→ **Supplied data**
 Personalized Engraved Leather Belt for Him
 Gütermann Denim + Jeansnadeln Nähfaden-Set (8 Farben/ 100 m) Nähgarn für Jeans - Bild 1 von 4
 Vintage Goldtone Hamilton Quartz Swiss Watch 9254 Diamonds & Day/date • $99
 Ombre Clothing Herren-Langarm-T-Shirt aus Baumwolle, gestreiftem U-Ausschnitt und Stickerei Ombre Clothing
--
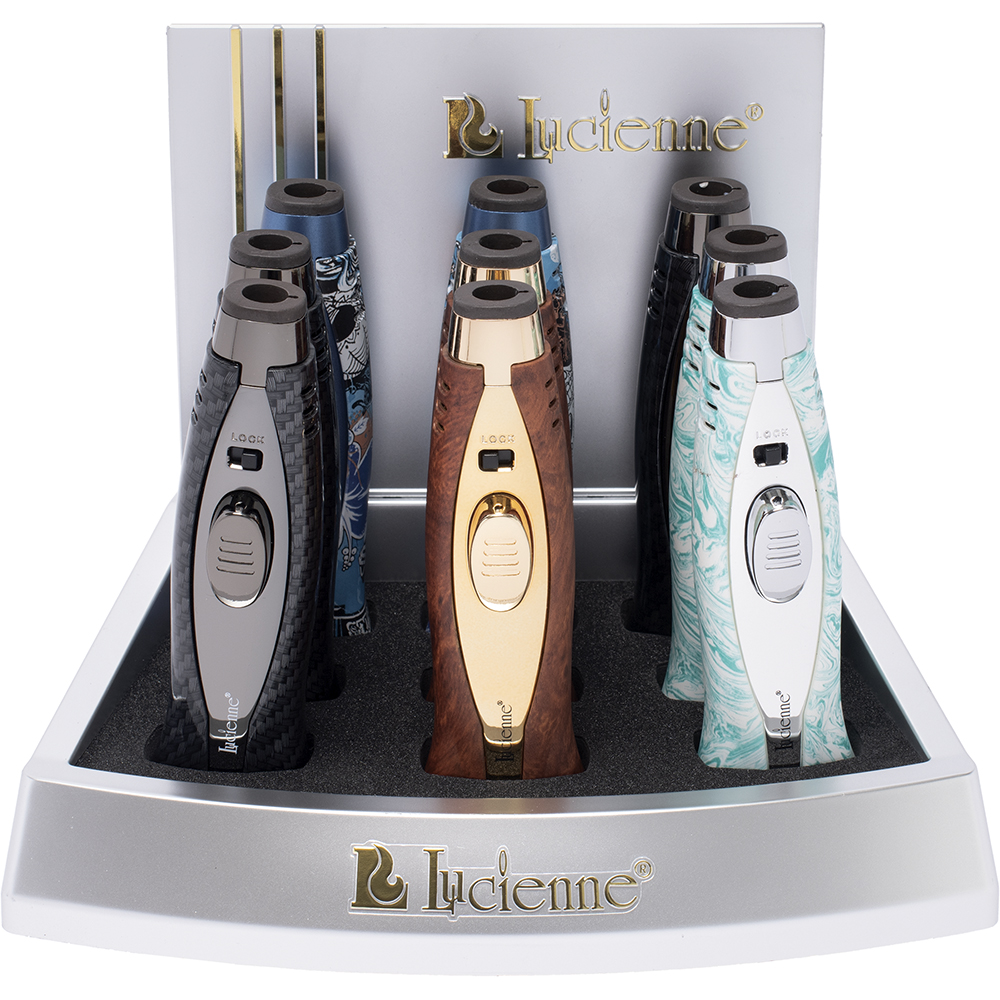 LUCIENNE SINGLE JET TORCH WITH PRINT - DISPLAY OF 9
==
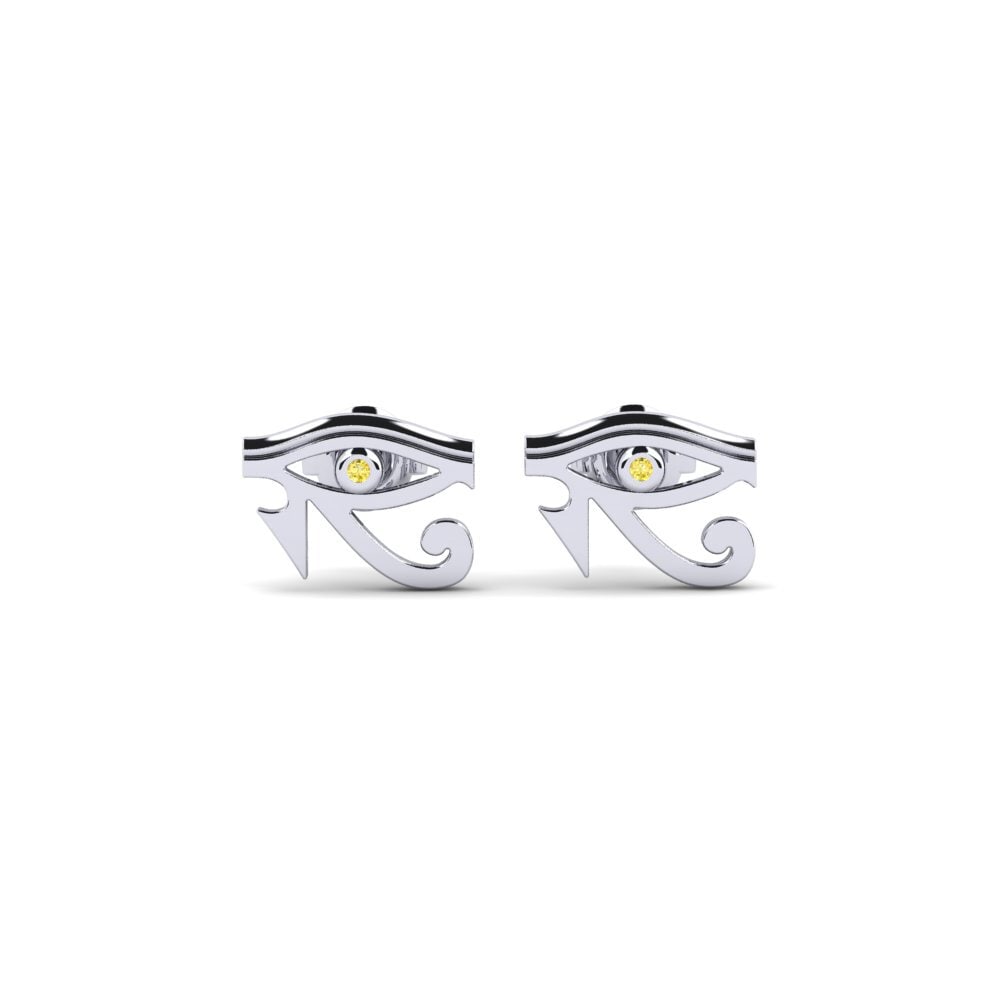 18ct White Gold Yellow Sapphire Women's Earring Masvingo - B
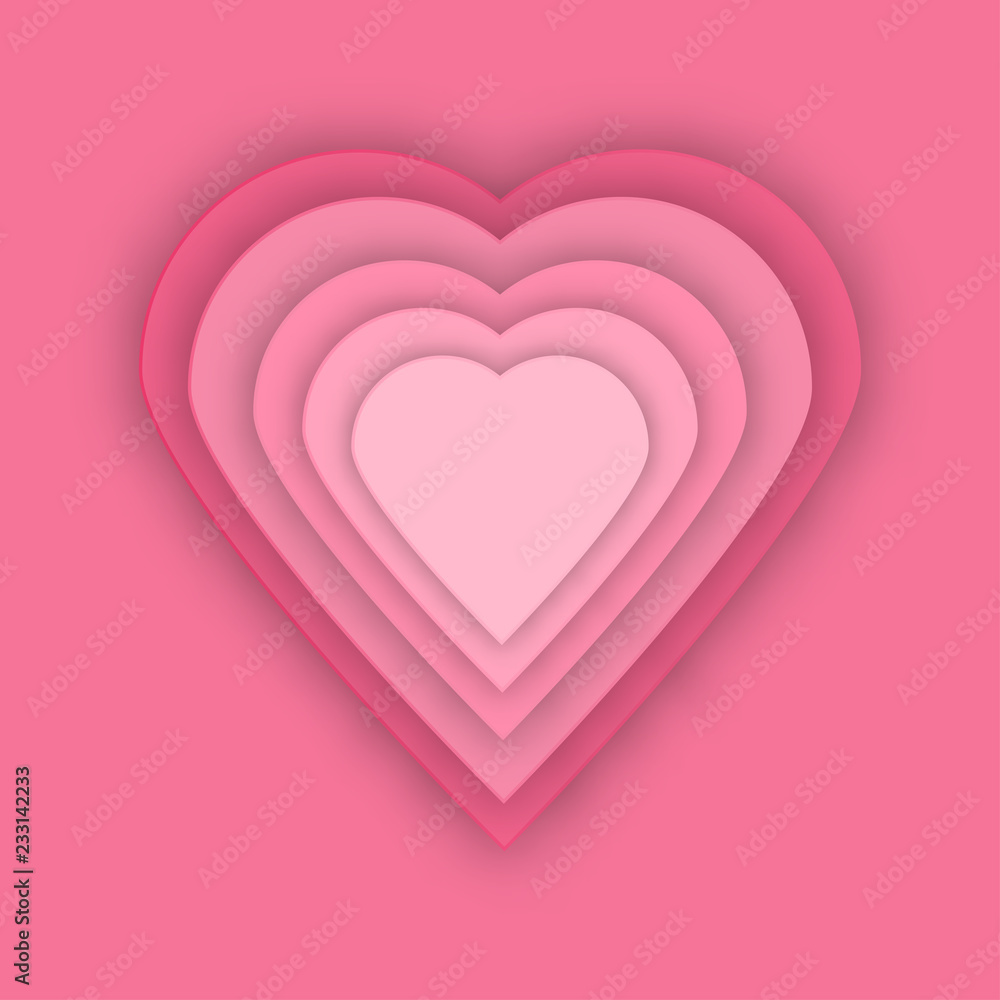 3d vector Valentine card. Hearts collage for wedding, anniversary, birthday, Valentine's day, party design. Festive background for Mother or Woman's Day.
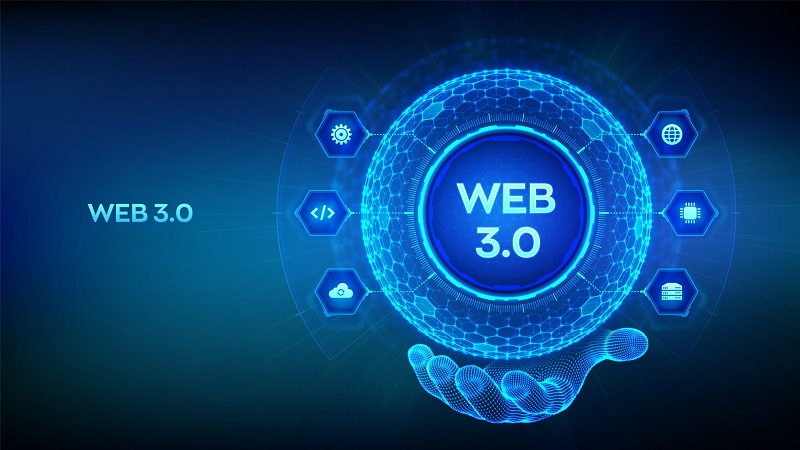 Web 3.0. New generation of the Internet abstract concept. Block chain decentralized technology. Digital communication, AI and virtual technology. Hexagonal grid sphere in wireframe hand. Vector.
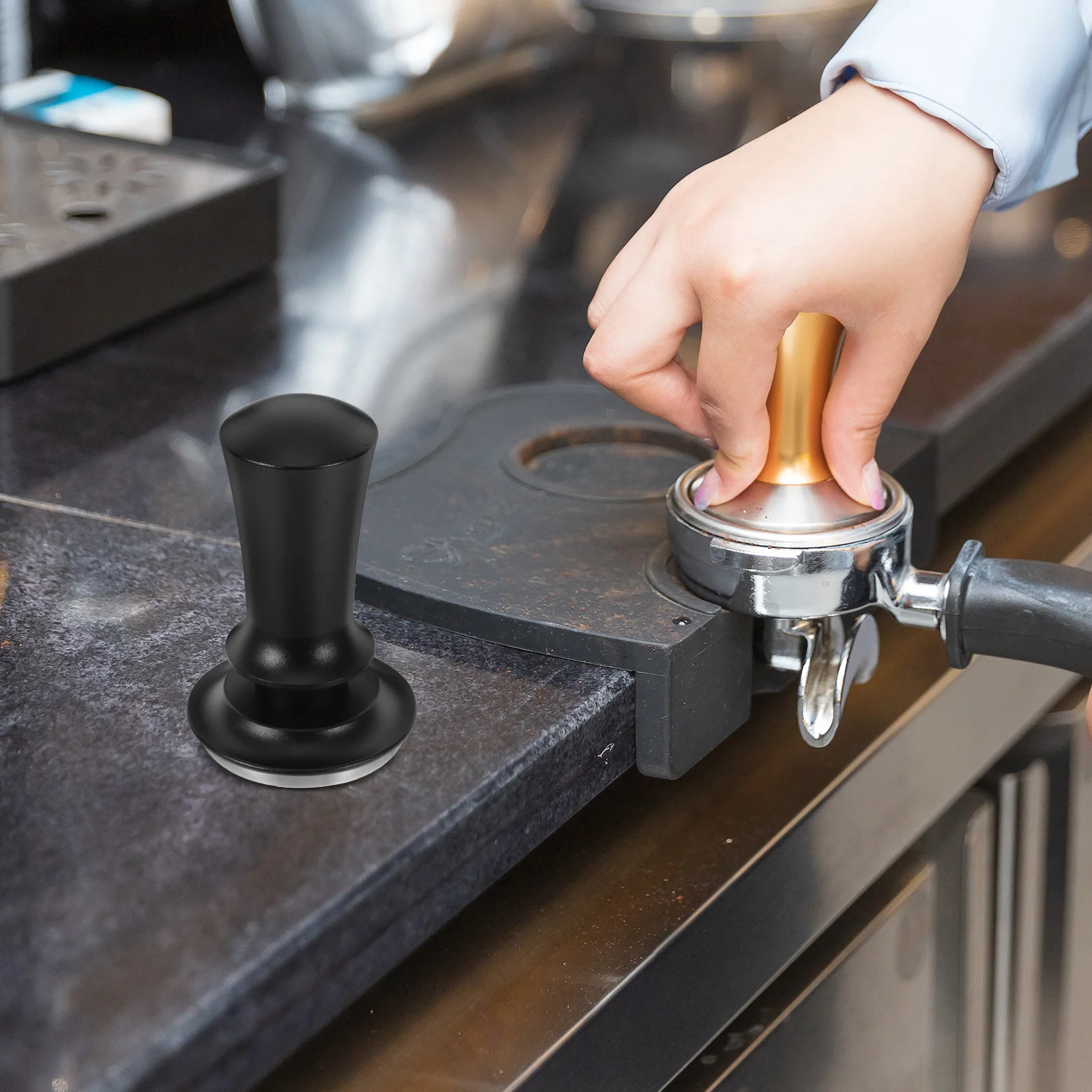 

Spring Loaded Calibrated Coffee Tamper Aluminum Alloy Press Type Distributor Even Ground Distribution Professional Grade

→ **Work required**
Write back word for word every line in the entries above from the one with "Web 3.0. New" to the one with "Spring Loaded Calibrated", ends included, and none of the pictures.

→ **Answer section**
 Web 3.0. New generation of the Internet abstract concept. Block chain decentralized technology. Digital communication, AI and virtual technology. Hexagonal grid sphere in wireframe hand. Vector.

Spring Loaded Calibrated Coffee Tamper Aluminum Alloy Press Type Distributor Even Ground Distribution Professional Grade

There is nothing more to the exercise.